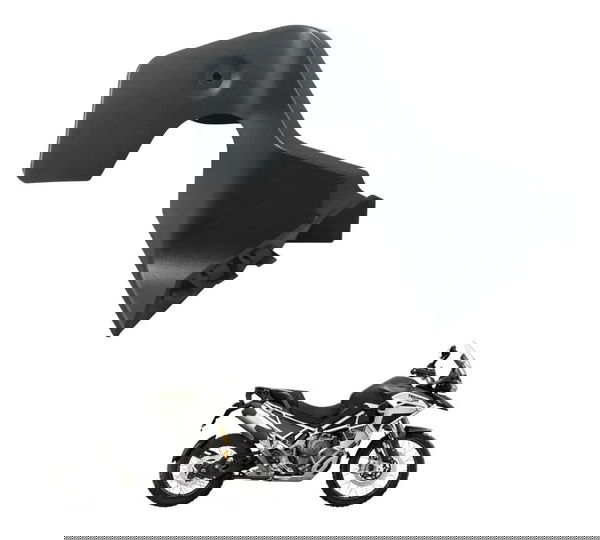 Acabamento Radiador Esq Triumph Tiger 1200 Rally Ex 22-26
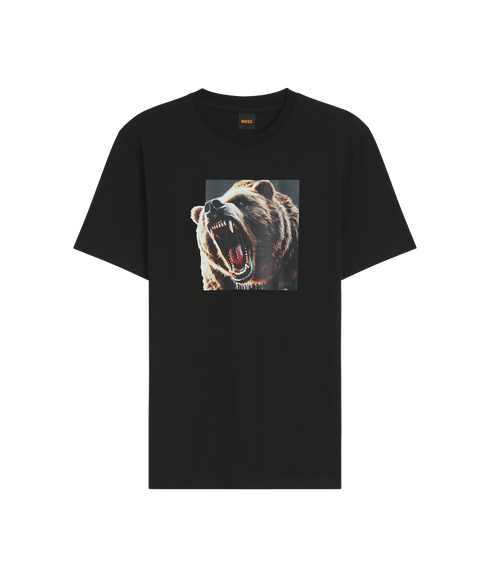 Dobermann T-Shirt - Black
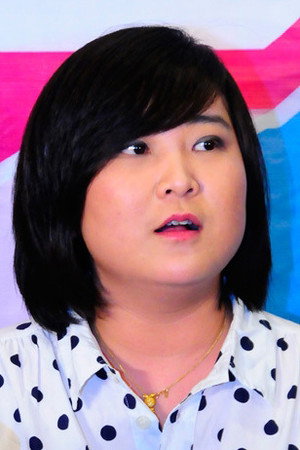 Jia Ling portrait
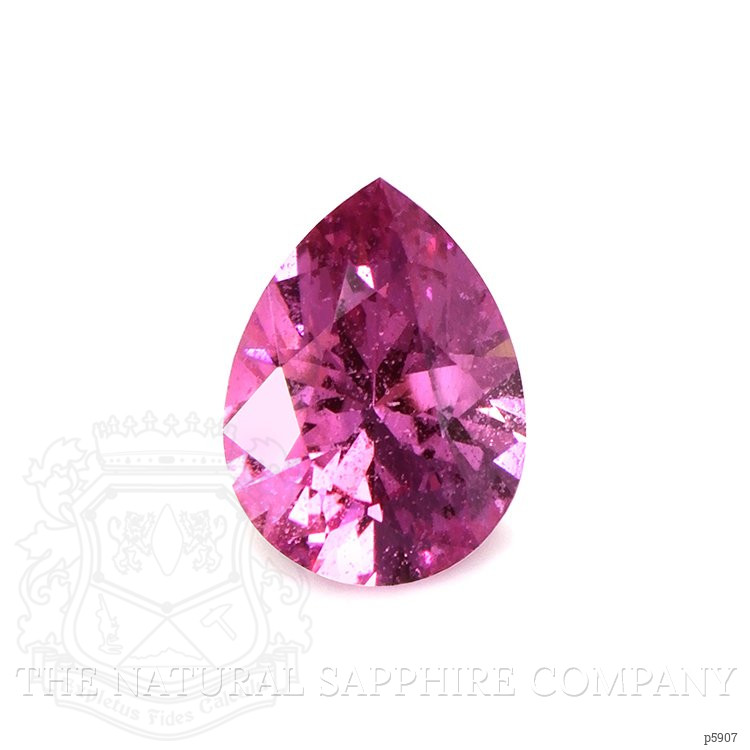 0.71 Ct. Pink Sapphire from Madagascar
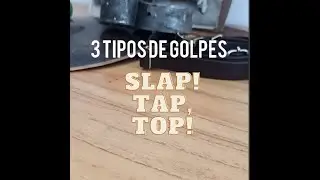 Washboard Hits / 3 TIPOS DE GOLPE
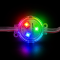 LED пиксель мяч цвет RGB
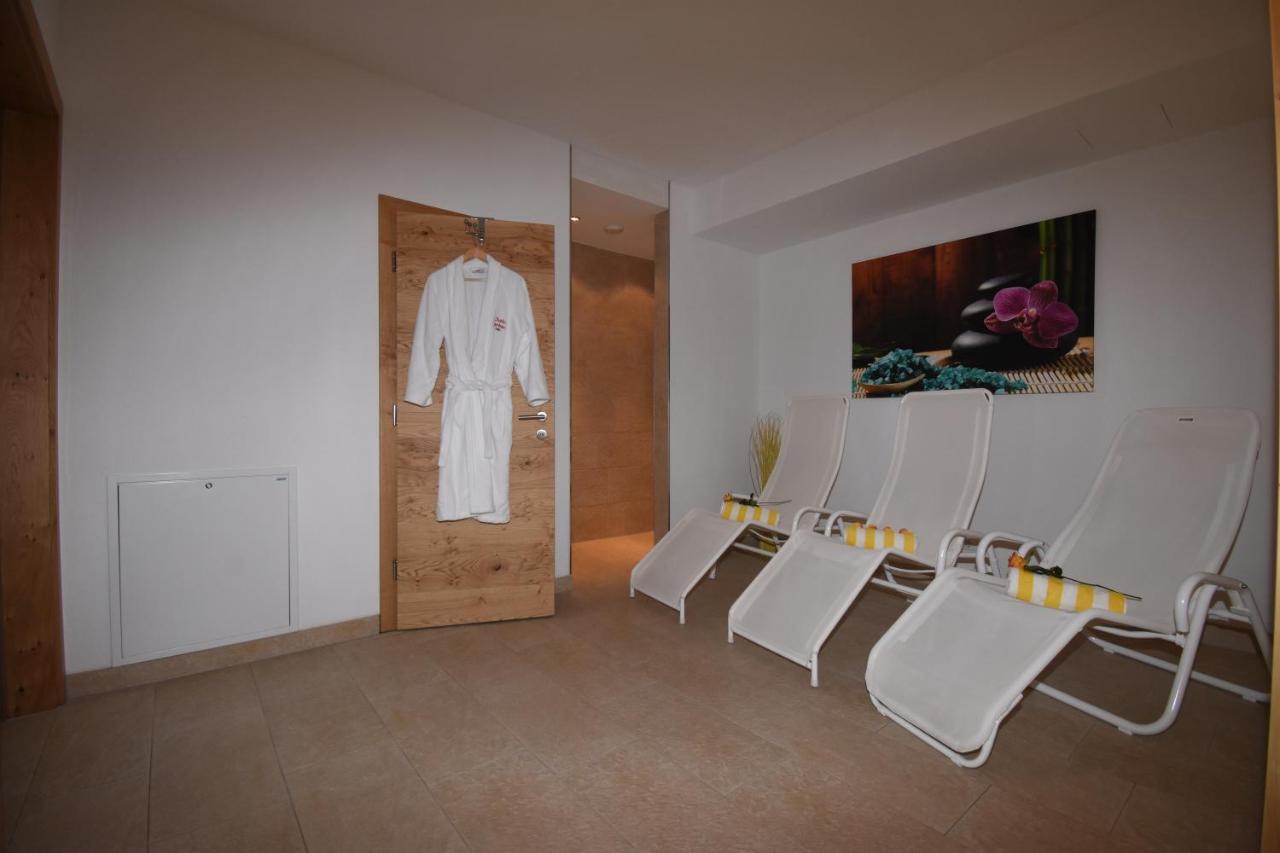Chalet Barbara Ишгль Экстерьер фото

*ACTIVITY:* Your task is to write out, exactly and without pictures, only the lines from the one holding "Washboard Hits / 3 TIPOS DE GOLPE" to the last line of the data.

*YOUR RESPONSE:*
 Washboard Hits / 3 TIPOS DE GOLPE
 LED пиксель мяч цвет RGB
Chalet Barbara Ишгль Экстерьер фото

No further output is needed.